I've never worked with seeds before but I'm going to soon, so this is super helpful! I hadn't even considered it, and it especially seems like one of those things that you'd be able to notice but would be REALLY hard to pinpoint

yeah! ive seen jorbs alluding to it in slay the spire every once in a while and i've had that "hmmm that sounds like it makes intuitive sense but idk why...." feeling for months now and i finally clued in to what it was and how to fix it like 1:30 into his video about Not Talking About It since it's not gonna be patched out and once you notice what it looks like if you're playing the game at that level, it's really hard to ignore. but from the dev side i'm like damn i never even thought about that side effect more people should talk about it lmfao

aw, are they patching it out? "mistakes" like these add some nice texture; e.g. if wind waker didn't use a single set seed then this video wouldn't exist, and that would be sad: https://m.youtube.com/watch?v=1hs451PfFzQ

(although, I'm not deep enough in StS to have an opinion on whether the extra texture is good or bad. I just think it's not obvious that it should be changed, even if it's the result of a mathematical/programming oversight)

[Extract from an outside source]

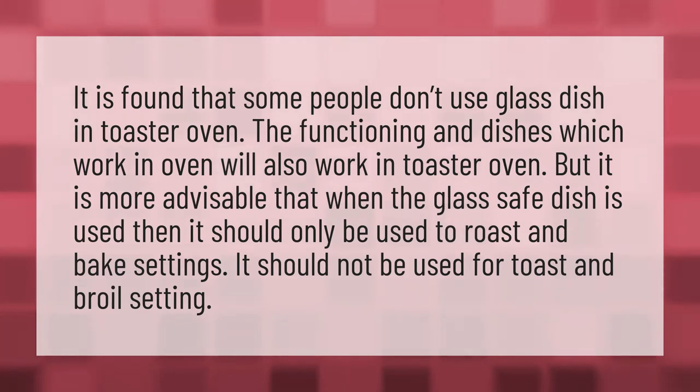It is found that some people don't use glass dishes in a toaster oven. The functioning and dishes which work in an oven will also work in a toaster oven. But it is more advisable that when a glass-safe dish is used, it should only be used on roast and bake settings. It should not be used for toast and broil settings.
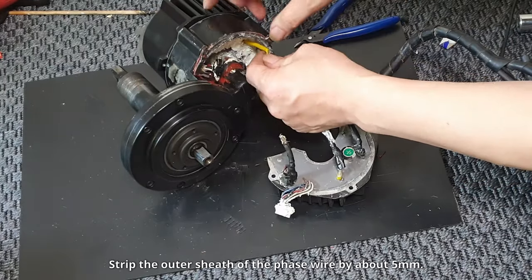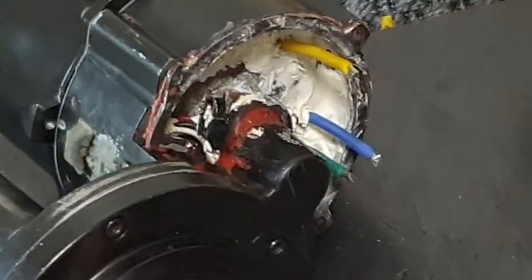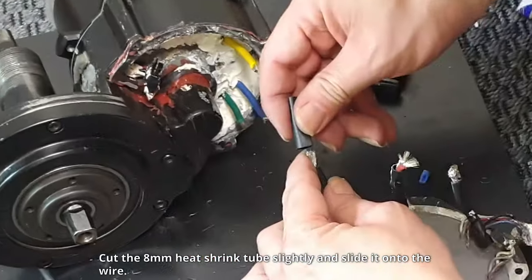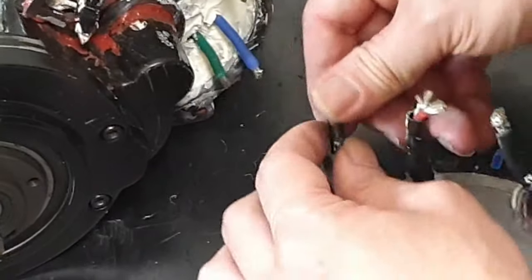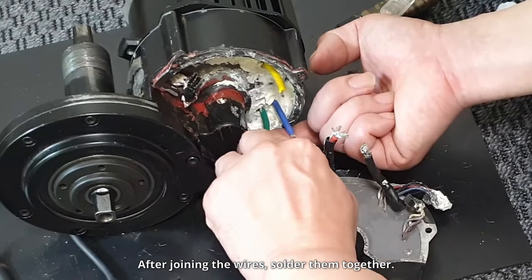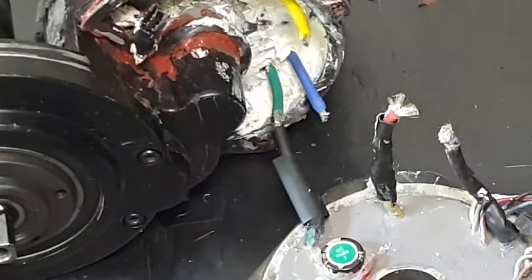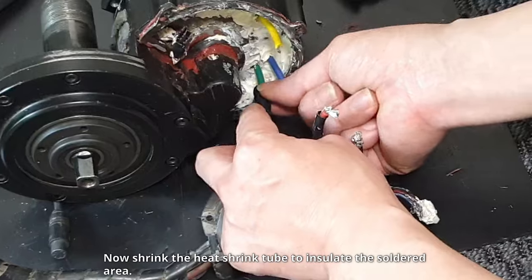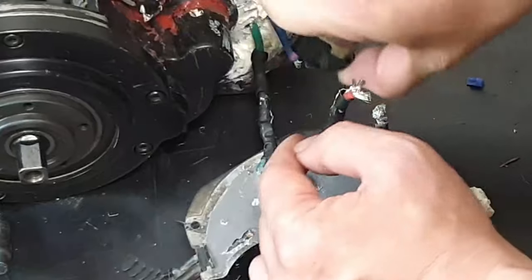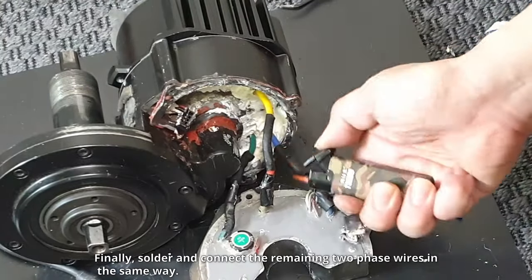Strip the outer sheath of the phase wire by about 5 millimeters. Cut the 8-millimeter heat-shrink tube slightly and slide it onto the wire. After joining the wires, solder them together. Now shrink the heat-shrink tube to insulate the soldered area. Finally, solder and connect the remaining two phase wires in the same way.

as a separate thought, here's some neat alternate suggestions to avoid correlation:

how un-forgettable is it? simple correlations can be impossible to forget, sure, but I can't imagine playing the first 6 floors for literal hours (like he said in the video) if I had already decided to not focus on rng info leaks.

the stuff jorbs said in the Not Talking About It video (thanks for the link!) about social power/competition is hard to argue against... I dunno, it's just weird to me seeing people unable to enjoy a game on their own terms. Modding it out is a good compromise -- I support it. But I also like unintended mechanics; I like seeing the universe stick its fingers in and do some bizarre game design of its own. I guess I just wish people framed these sort of things as "deciding to play on my own terms", rather than "fixing an obvious mistake".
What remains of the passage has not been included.